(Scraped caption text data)
****************************************

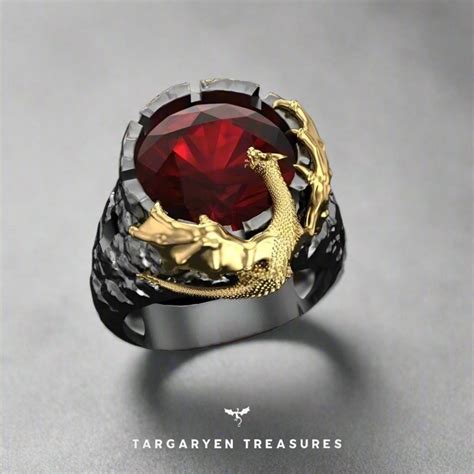 RINGS – Targaryen Treasures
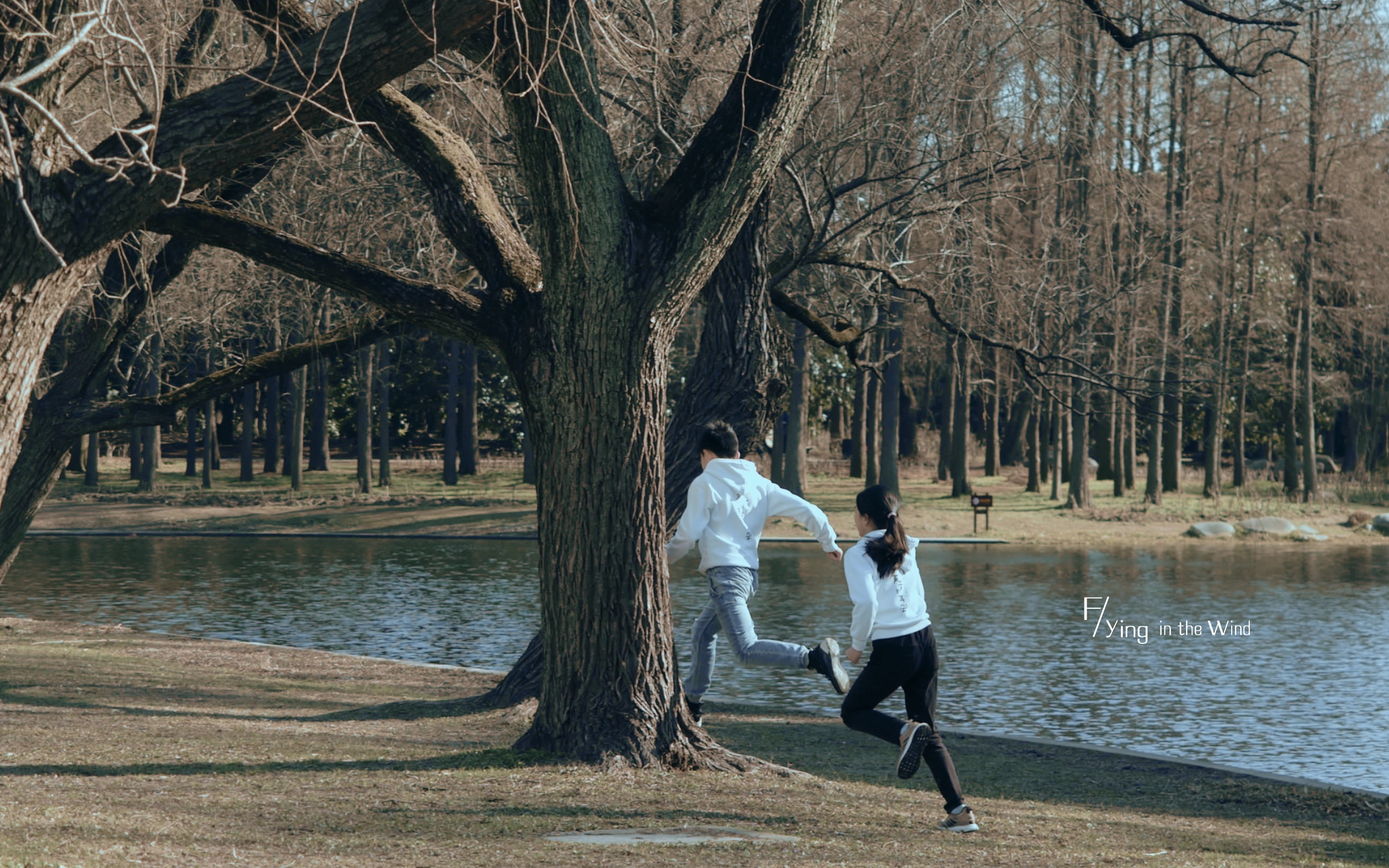 [图]【尔多儿童剧团】《Flying in the Wind》飞飞飞英文版MV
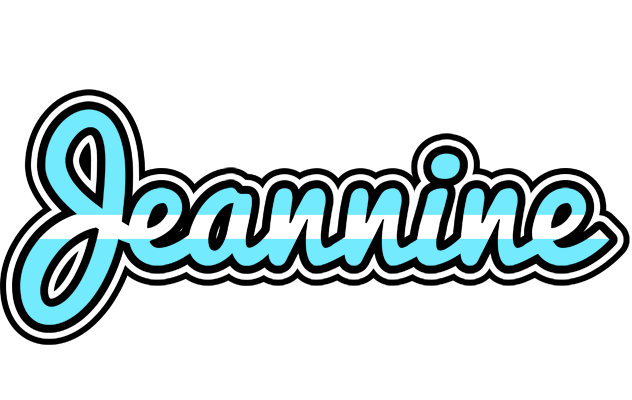Jeannine argentine logo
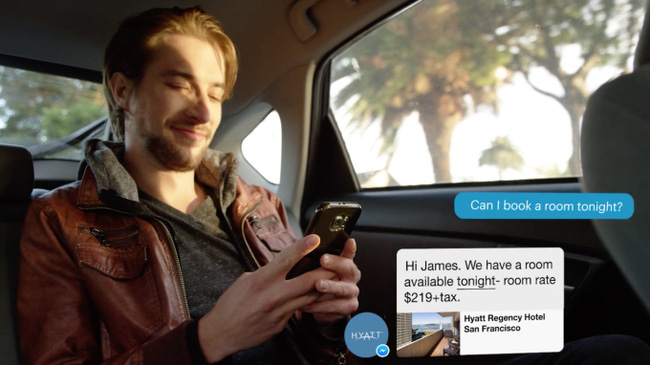Người Mỹ đã có thể chat với Obama qua Facebook Messenger - Ảnh 3.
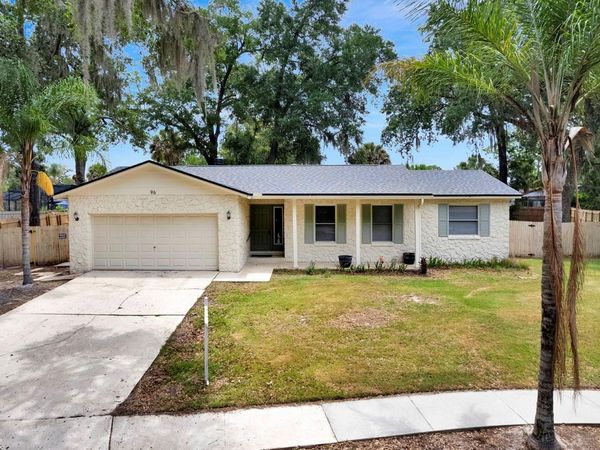 96 HICKORY TREE ROAD, LONGWOOD, FL 32750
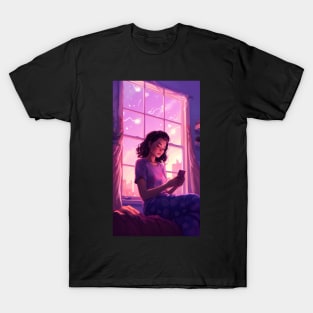 Lofi Girls Dreamscapes T-Shirt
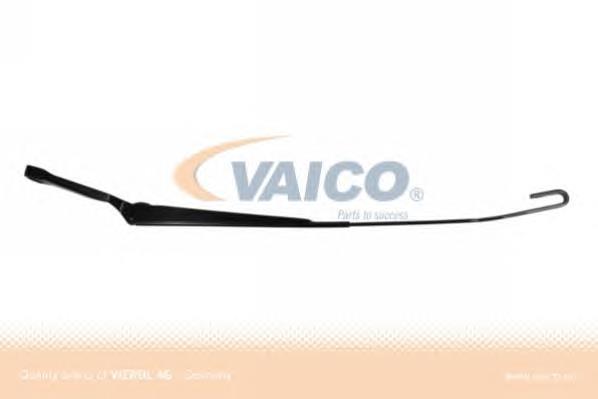 Brazo del limpiaparabrisas V101683 VEMO/Vaico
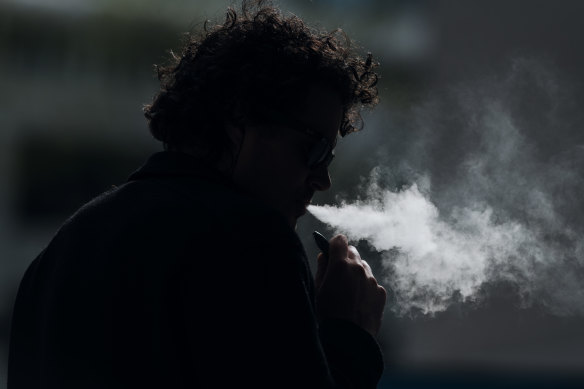 Is secondhand vaping a growing scandal or fake news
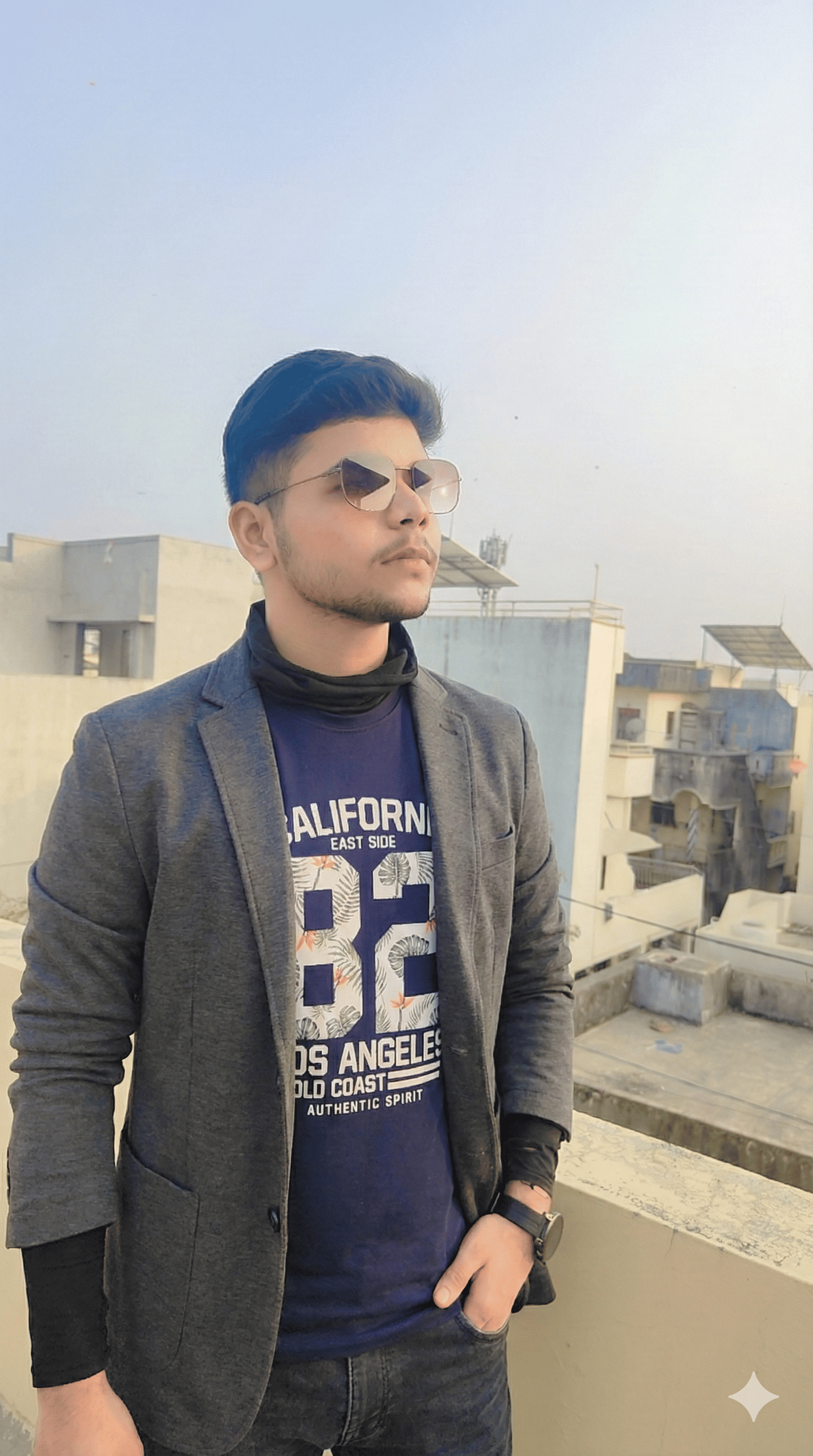 Dhairya Khatri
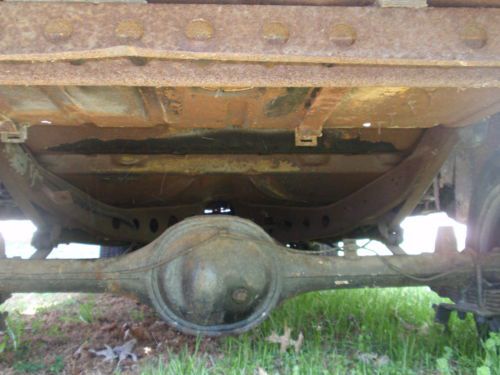 Plymouth Coupe, Rolling Chassis, Hot Rod, Gasser, Rat Rod, US $3,500.00, image 8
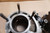 Set of cylinder barrels  -  Κυλινδροι  κινητηρα TZR250 1KT/2MA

****************************************

• ACTIVITY:
Repeat each line word for word, from the one with "Plymouth Coupe, Rolling" down to the last line of the data, and keep the pictures out of it.

• SOLVED EXERCISE:
 Plymouth Coupe, Rolling Chassis, Hot Rod, Gasser, Rat Rod, US $3,500.00, image 8
 Set of cylinder barrels  -  Κυλινδροι  κινητηρα TZR250 1KT/2MA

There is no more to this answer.